**Exercise**: Starting with the line that contains "Photo 43: 308" and stopping after the line that contains "Balenciaga Phantom Trainers", return each line below exactly as written, with no others.

**Records shown**:
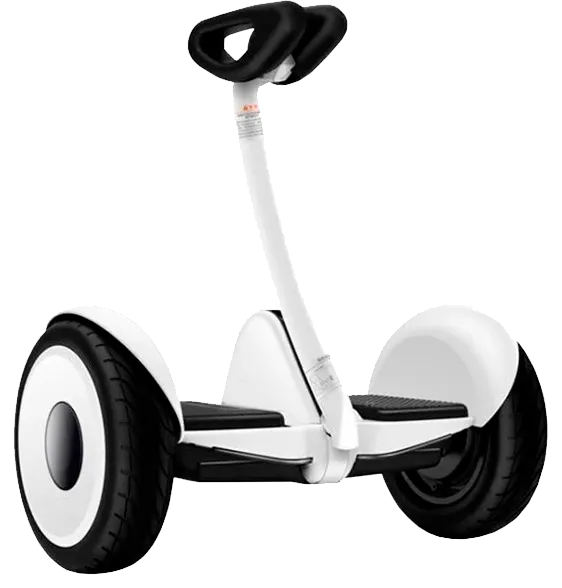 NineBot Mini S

==

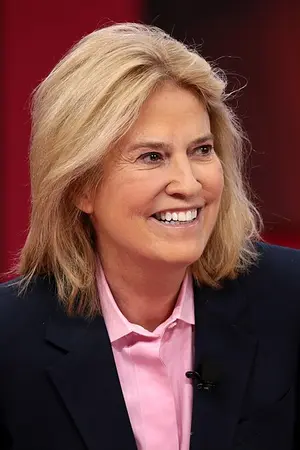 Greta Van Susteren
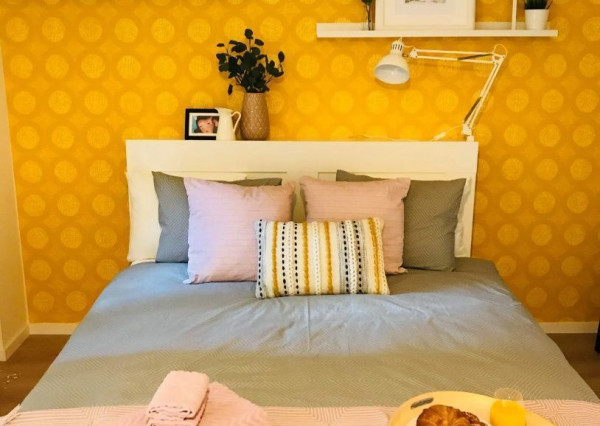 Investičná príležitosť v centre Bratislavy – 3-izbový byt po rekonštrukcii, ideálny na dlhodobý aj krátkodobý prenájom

...

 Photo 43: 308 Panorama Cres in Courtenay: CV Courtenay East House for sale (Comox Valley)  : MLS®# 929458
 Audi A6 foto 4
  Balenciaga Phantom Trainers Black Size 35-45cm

**Response area**:
 Photo 43: 308 Panorama Cres in Courtenay: CV Courtenay East House for sale (Comox Valley)  : MLS®# 929458
 Audi A6 foto 4
  Balenciaga Phantom Trainers Black Size 35-45cm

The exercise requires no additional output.